BEGIN DATA EXTRACT

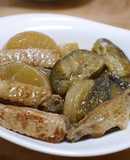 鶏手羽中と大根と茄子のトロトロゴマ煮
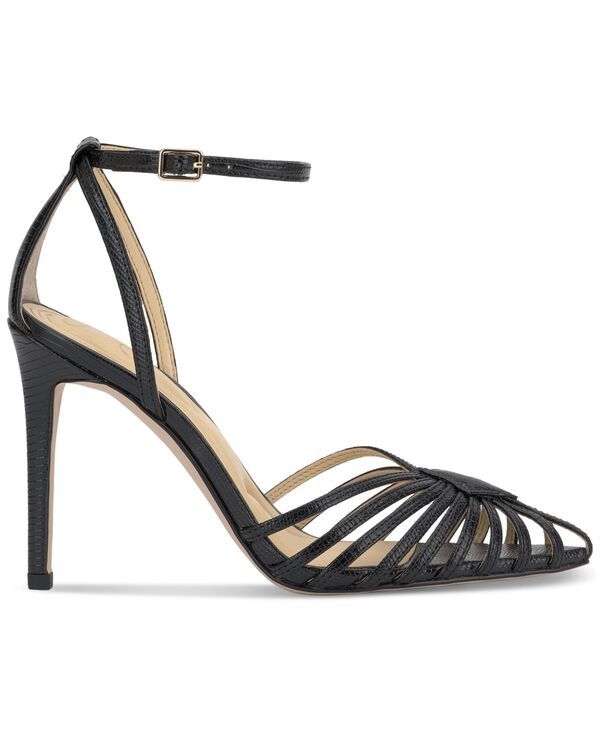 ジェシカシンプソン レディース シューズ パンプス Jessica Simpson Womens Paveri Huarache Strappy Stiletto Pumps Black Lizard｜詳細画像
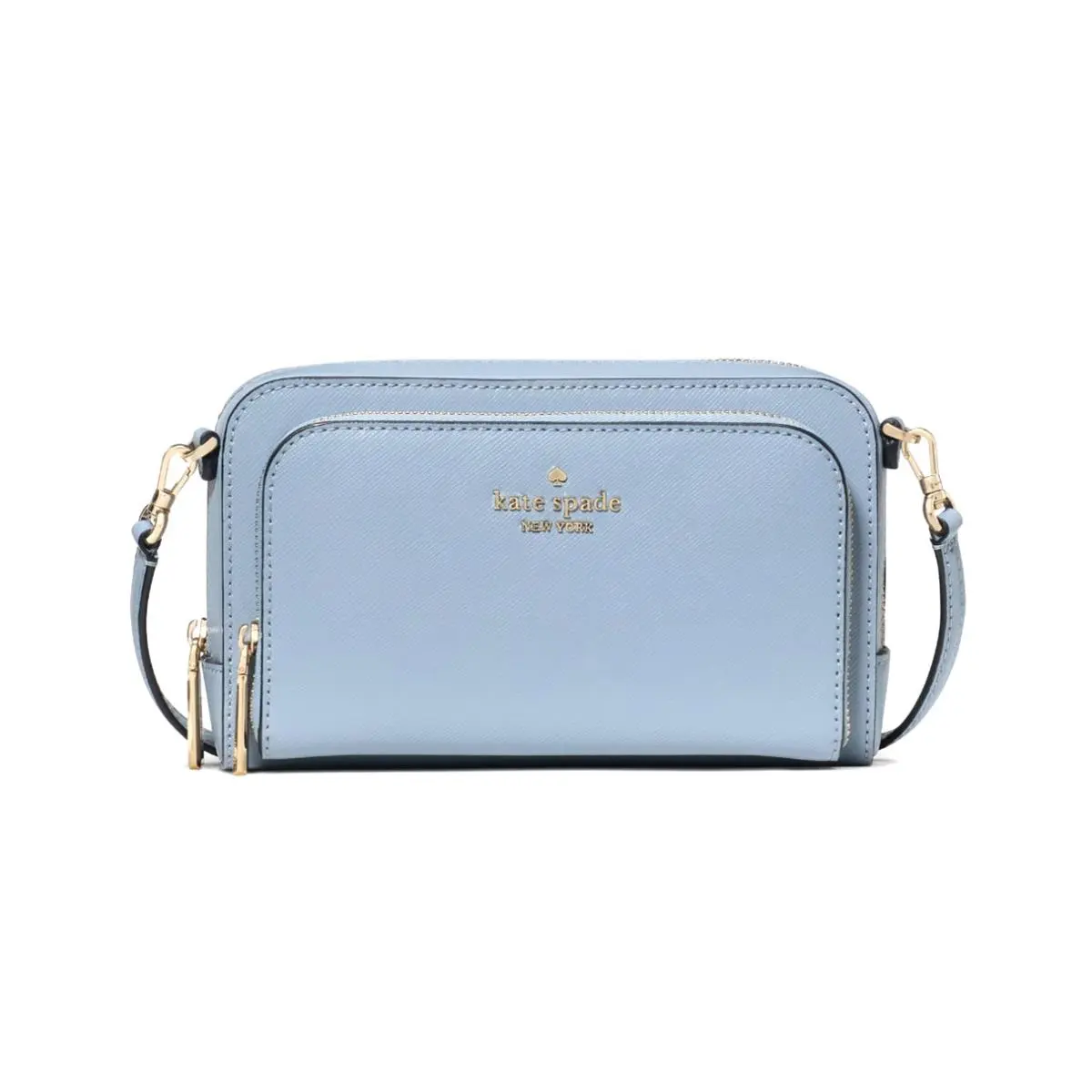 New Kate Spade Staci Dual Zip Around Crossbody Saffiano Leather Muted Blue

END DATA EXTRACT

Restate the material above word for word, so that nothing changes except that the pictures are gone.

 鶏手羽中と大根と茄子のトロトロゴマ煮
 ジェシカシンプソン レディース シューズ パンプス Jessica Simpson Womens Paveri Huarache Strappy Stiletto Pumps Black Lizard｜詳細画像
 New Kate Spade Staci Dual Zip Around Crossbody Saffiano Leather Muted Blue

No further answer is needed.